In August 2020, I had the opportunity to teach Euclid’s Elements, and the teaching of the first volume lasted about 3 months and took about 30 teaching hours. I took notes before and after each class. This teaching note is recommended to be read in conjunction with Euclid’s Elements, particularly If you are not familiar with the geometry, you may need to preview all the propositions first.

Note: The first ten lessons will last between one and one and a half hours, and from the eleventh lesson onwards, the lessons will last between one and a half and two hours. There are review sessions in between that are not counted, and the total teaching time should be around 30 hours.

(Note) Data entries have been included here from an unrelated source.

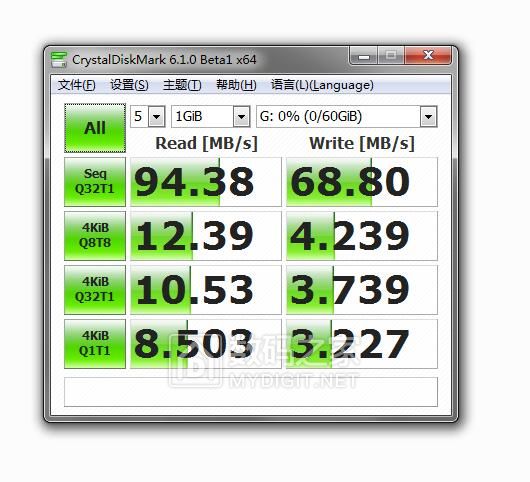 3ǰԽUSB3.0ֻ2.0ٶȣ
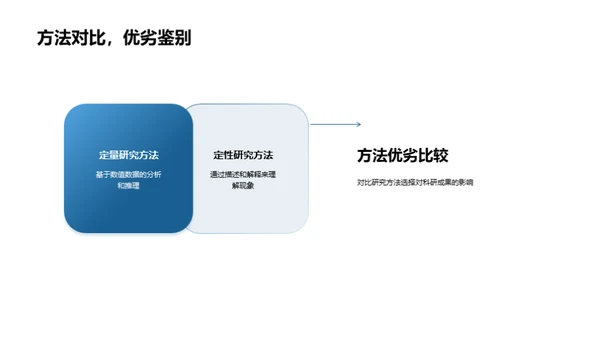 本科生科研实践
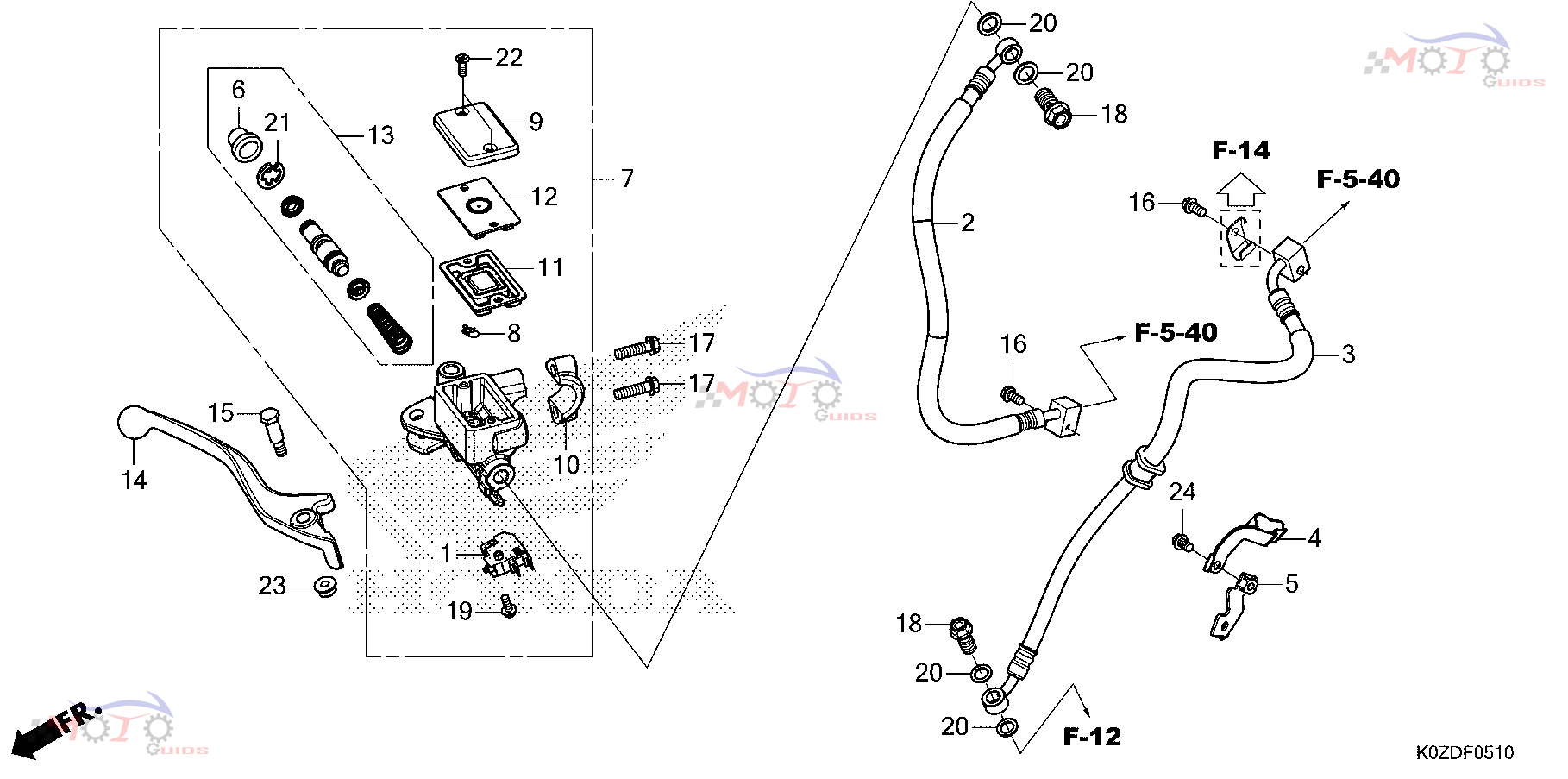 Frame Diagram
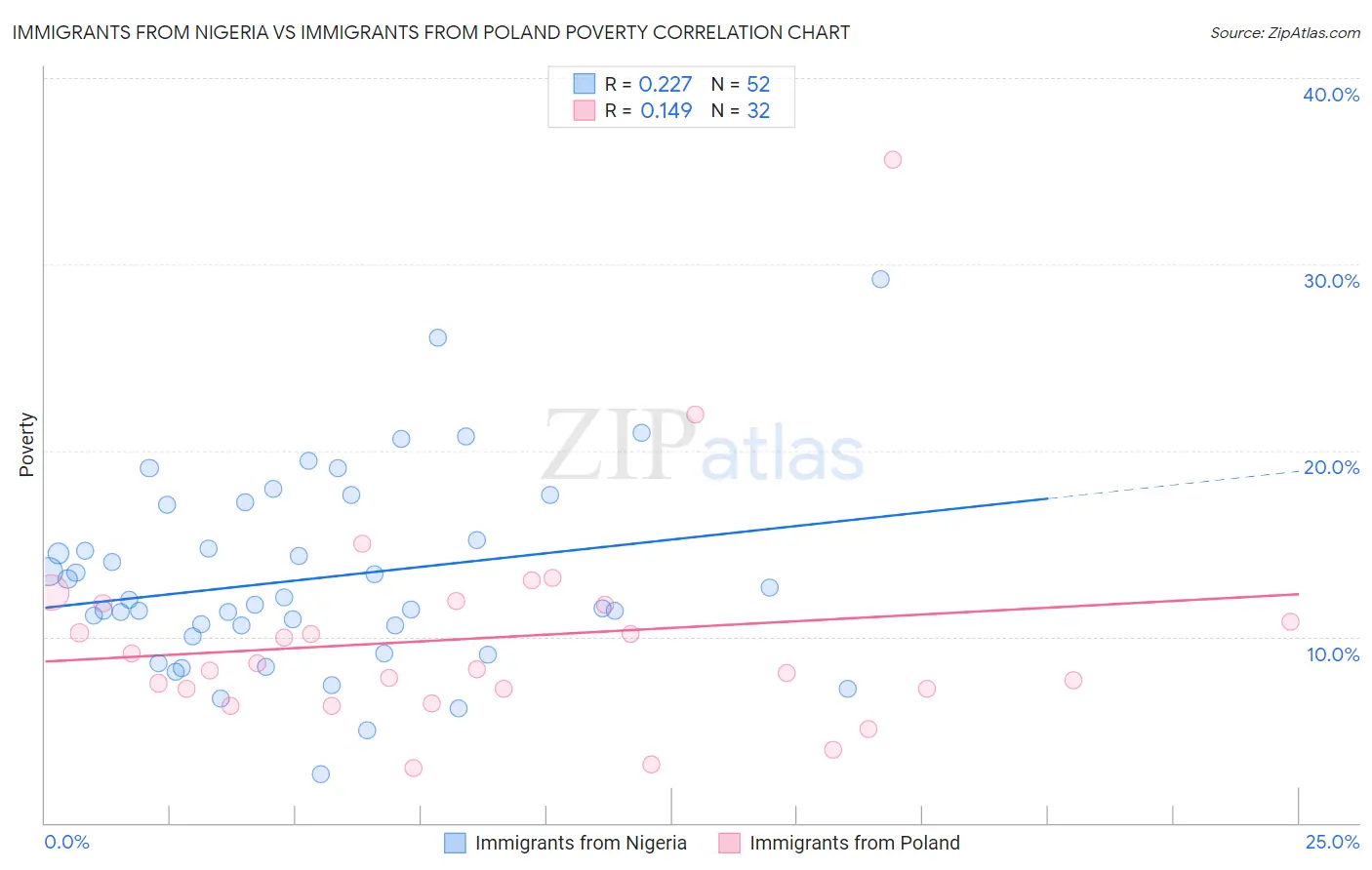 Immigrants from Nigeria vs Immigrants from Poland Poverty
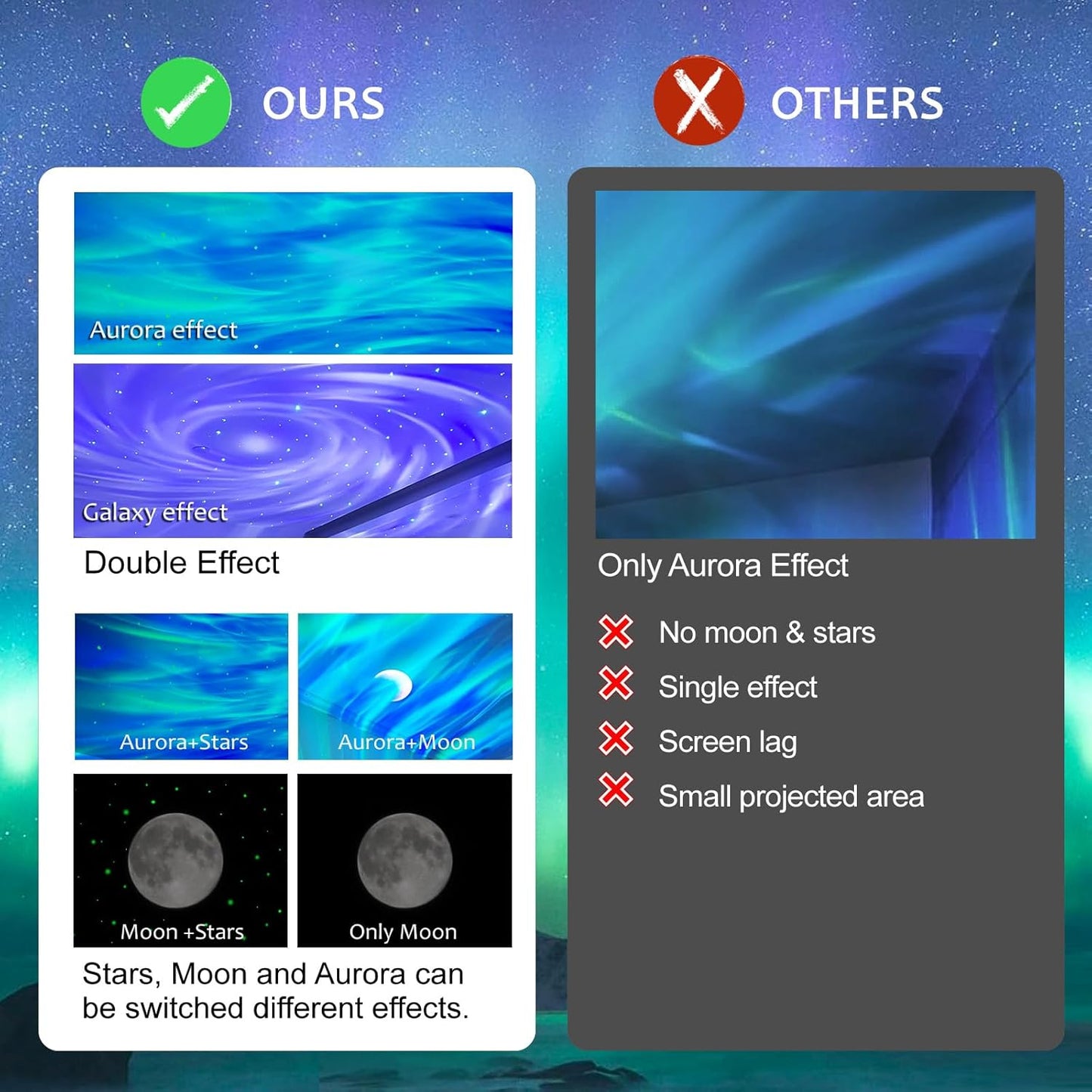 ELITUN Star and Aurora Night Light, Dual Effect Moon Galaxy Projector for Bedroom, 14 Colors With White Noise, Timer & Remote Control for Kids, Adults, Room Decor, Party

The study journey of the first volume of Euclid’s Elements started in August 2020.

## Prologue

Mathematics is a fundamental subject that is required for every student. However, the learning style varies and in the traditional classroom (China), students learn formulas, operations, and other laws as a recipient, while exams are given to see if students can apply what they have learned and solve problems correctly. In my discussion class of Euclid, it is not about asking students to master or memorize any single definition or proposition, but to go into the source of mathematics together to observe and explore its original formation. If mathematics is a skyscraper today, the point of the discussion is to pick up the shovel and carefully shovel away the soil to observe the original foundation: How was it designed? What was the thinking behind it? Is there anything that can be questioned or overturned? What are the basic laws of “mathematics” as a discipline here? All of these questions are open-ended, and the answers will vary with the degree of individual learning.

Because the student may not be used to the discussion class, I do not start with the definition section at the beginning. Imagine that you ask students on the first day of class, “A point has no parts,” what is a “part”? Such a question would probably not be understood, even sounds weird to an adult, and would be very metaphysical. Thus I planned to start with the proposition which is similar to the geometry math problem in middle school, and then go back and discuss the definition in reverse.

For this discussion class, they were just Alex and I. In the summer of 2020, Alex was a middle school student, living in Shanghai, and he was preparing his second year of middle school. Because he is a gifted student, he had skipped two grades in elementary school, and was slightly younger than the students in his class. Since I was in Europe, all the discussions have been delivered through online teaching.

I would like to thank Angela (Alex’ mother) for her support and trust. Without her, Alex and I would not put aside the test-based math studies and we could not spend our time exploring math freely. With a grateful heart, I have recorded my ideas and thoughts about the lessons in my notebook.